Start at the line containing "2019 Chevrolet Silverado" and transcribe every line exactly through the end of the records below, and only those lines.

******************************

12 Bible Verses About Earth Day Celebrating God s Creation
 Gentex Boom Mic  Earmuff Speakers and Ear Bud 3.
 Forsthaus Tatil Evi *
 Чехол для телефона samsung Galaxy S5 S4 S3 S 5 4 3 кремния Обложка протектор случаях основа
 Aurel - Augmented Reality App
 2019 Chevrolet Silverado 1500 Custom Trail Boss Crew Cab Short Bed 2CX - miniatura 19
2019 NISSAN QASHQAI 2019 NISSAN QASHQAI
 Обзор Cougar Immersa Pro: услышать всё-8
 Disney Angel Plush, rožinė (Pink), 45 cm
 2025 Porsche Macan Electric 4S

******************************

■ Exercise result
 2019 Chevrolet Silverado 1500 Custom Trail Boss Crew Cab Short Bed 2CX - miniatura 19
2019 NISSAN QASHQAI 2019 NISSAN QASHQAI
 Обзор Cougar Immersa Pro: услышать всё-8
 Disney Angel Plush, rožinė (Pink), 45 cm
 2025 Porsche Macan Electric 4S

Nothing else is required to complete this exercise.